We also used neurospheres formed by human foetal neural progenitor cells to investigate the role of MR in ciliogenesis and neuronal differentiation.
MC: Are there any limitations that you wish to highlight?
HR: The work in our study is state of the art. Nevertheless, science is never finished. Indeed, more work needs to be done. One step should be the translatability of our results to the human situation.
MC: What are the key applications of this work, and what are your next research steps?
HR: This is basic neuroscience research and cannot be immediately applied to clinical questions. However, there is a major interest from society in this research given the many people suffering from mental health disorders related to stress. Our research provides the many scientists working on stress-related mental health disorders important leads regarding the genes that may underpin the aetiology of these severe disorders.

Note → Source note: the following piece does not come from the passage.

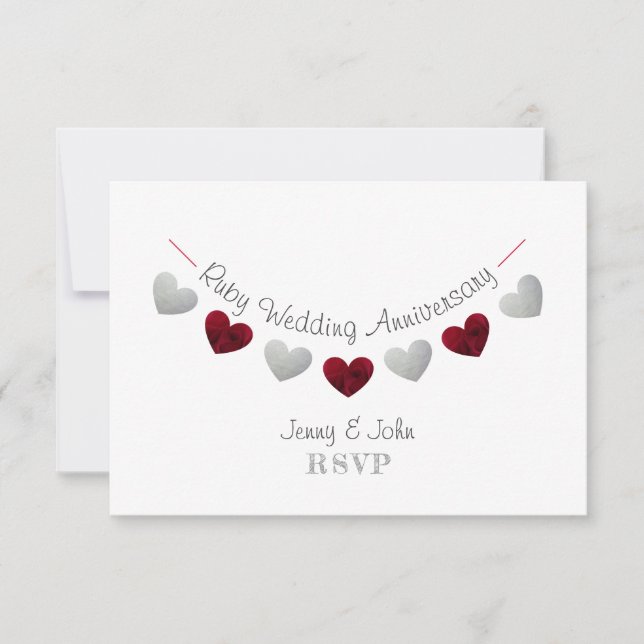 40. Rubinhochzeit Herz-Jubiläums-Antwortkarte RSVP Karte (Vorderseite)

There are many research lines that could be pursued next. In the press release, we mention chronic stress, but aging, adolescence and embryonic/postnatal development are also very relevant conditions to look at as they involve phases of life sensitive to glucocorticoid hormones. As mentioned, it is really important that we have received a grant to study glucocorticoid hormone action in the female brain. There is relatively little known about this in females which is incredible as more women than men suffer from mental health disorders. Finally, we would like to delve deeper into the molecular mechanisms regulating MR and GR interaction with the genome.
Hans Reul was speaking to Molly Campbell, Science Writer for Technology Networks.
Reference: Mifsud KR, Kennedy CLM, Salatino S, et al. Distinct regulation of hippocampal neuroplasticity and ciliary genes by corticosteroid receptors. Nat Comms. 2021;12(1):4737. doi: 10.1038/s41467-021-24967-z.